Lesson 021: Calendar as Portfolio Optimization, Not Top-N Ranking

The Lesson

When selecting a fixed-size collection where the items must work together (a calendar, a playlist, a portfolio, a menu), the problem is constrained set optimization — not top-N ranking. The best collection often contains none of the individually top-ranked items, because collection-level properties (diversity, coverage, balance) matter as much as individual quality.

Context

A project needed to select 13 images for a 13-month calendar from a pool of 12,217 Artemis II mission photos. Each image had a preference score from voter data. The naive approach — pick the 13 highest-scoring images — would likely produce a visually redundant calendar (e.g., 13 similar Earth-from-orbit shots) because the most popular image types cluster together in the embedding space.

What Happened

Framed the problem initially as "rank images, take top 13." This was the simplest baseline (Method A) and served as a comparison point.
Realized the calendar has collection-level requirements that top-N ranking ignores: visual diversity (no two images too similar), month fit (bright warm images for summer, dramatic images for December), mission coverage (launch, transit, lunar orbit, return), and a suitable cover image.
Designed a multi-objective utility function that scores the entire 13-image set, not individual images: preference sum + diversity bonus + month-fit sum + cover score - redundancy penalty - uncertainty penalty.
Implemented 5 selection methods: naive top-13 (baseline), cluster-limited top-13, best-per-cluster, month-first greedy, and multi-objective MMR greedy. Each produces a different 13-image slate.
Ran all 5 methods on real data. Method A (naive top-13) and Method E (MMR greedy) shared 0 of 13 images — the optimization selected entirely different images than naive ranking.
Method B (cluster-limited) scored highest on the objective function — it kept most of top-N's popularity while enforcing diversity through cluster constraints. Method C (per-cluster) achieved perfect diversity (1.0) but lower popularity.

Key Insights

Top-N is a baseline, not a solution. For any collection problem, implement naive top-N first — it takes 5 minutes and provides the comparison point that justifies the optimization work. But never ship it as the final answer.
Diversity and preference are in tension. The most popular images tend to cluster visually (similar scenes, similar compositions). Enforcing diversity pushes the optimizer toward less popular but more distinctive images. The objective function's weights determine the trade-off.
Hard constraints beat soft penalties for diversity. "Max 2 images per visual cluster" is easier to implement, explain, and verify than a continuous diversity penalty. Use hard constraints first; add soft penalties only if the constraints are too rigid.
Multiple methods expose the trade-off frontier.

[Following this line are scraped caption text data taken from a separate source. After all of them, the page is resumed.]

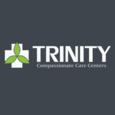 Trinity Compassionate Care Center logo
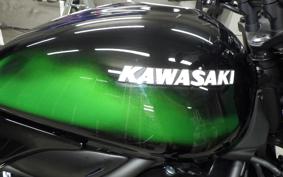 KAWASAKI Z900RS CAFE 2026 ZR900K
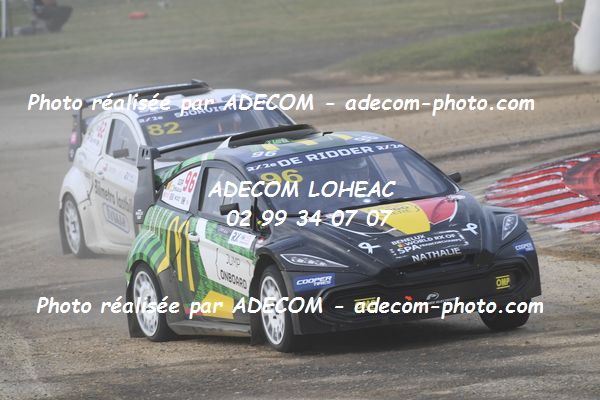 http://v2.adecom-photo.com/images//1.RALLYCROSS/2021/RALLYCROSS_LOHEACRX _2021/RX2_E/DE_RIDER_Guillaume/40A_9694.JPG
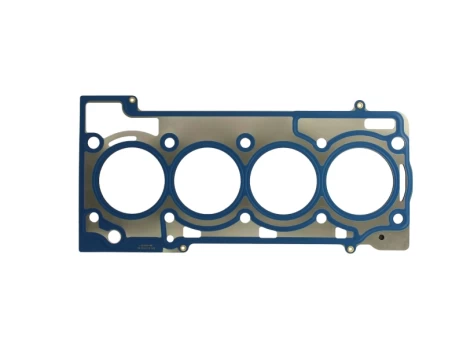 ELRING EL228400 Cylinder head gasket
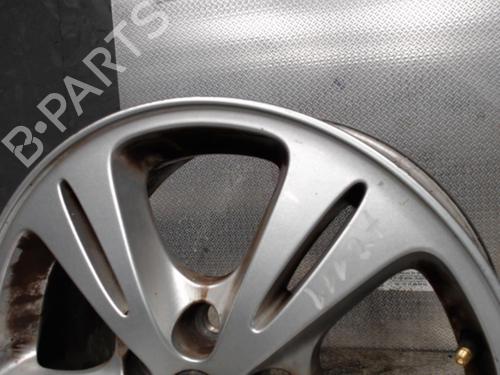 Rim FORD GALAXY II (WA6) 1.8 TDCi | BP24082787C45 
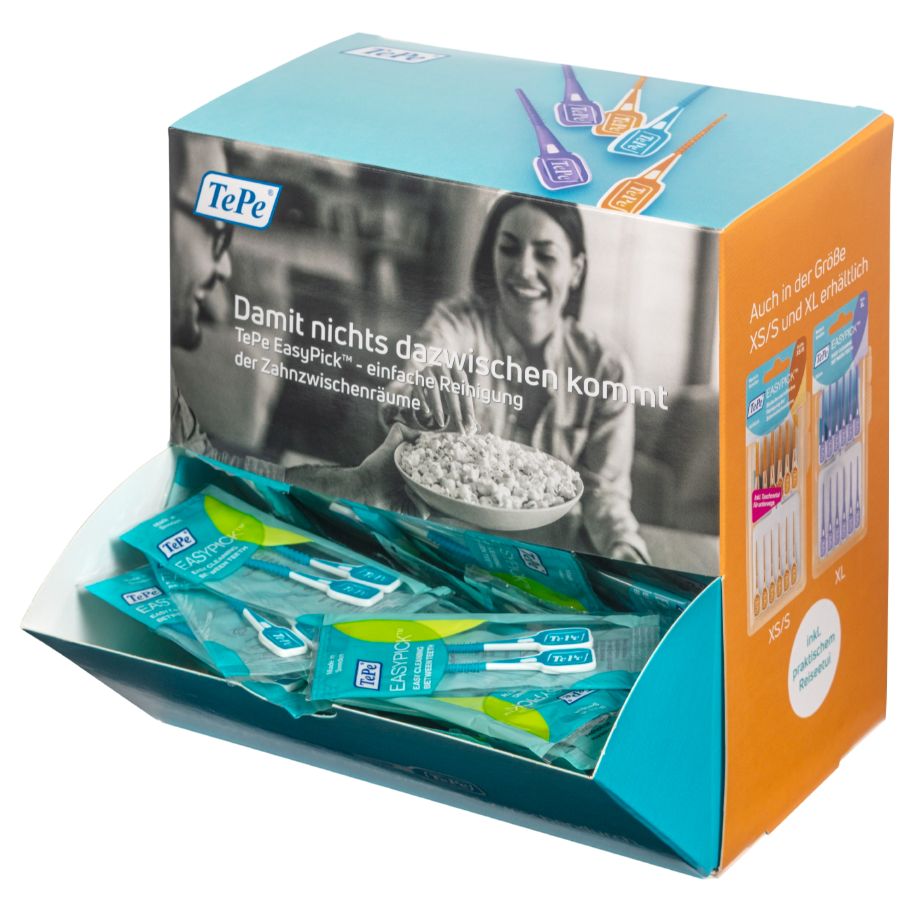 商品情報｜医療従事者向けページ｜歯科器材のクロスフィールド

Generating 5 candidate calendars makes the diversity-vs-popularity trade-off visible. Method A maximizes popularity. Method C maximizes diversity. The user picks the balance they want.
The cover image is a separate decision. Cover suitability (visual impact, broad appeal, typography space) is different from monthly-page suitability. Selecting the cover from the 13 chosen images — not from the full pool — ensures it's already in the calendar.

Examples

Results from 12,217 images, k=25 visual clusters:

Method	Objective	Popularity	Diversity	Shared with Top-13
A: Naive top-13	14.19	4.32	0.77	13/13
B: Cluster-limited	14.26	4.32	0.85	11/13
C: Per-cluster	13.96	4.01	1.00	5/13
E: MMR greedy	11.89	2.79	0.77	0/13

Method E selected entirely different images — it aggressively penalizes redundancy via CLIP cosine similarity.

Applicability

This lesson applies to any "select K items from N" problem where the items interact:

Music playlists (genre diversity, tempo flow)
Product recommendations (category coverage, price range)
Conference schedules (topic diversity, speaker variety)
Investment portfolios (sector diversification, risk balance)
Exam questions (topic coverage, difficulty distribution)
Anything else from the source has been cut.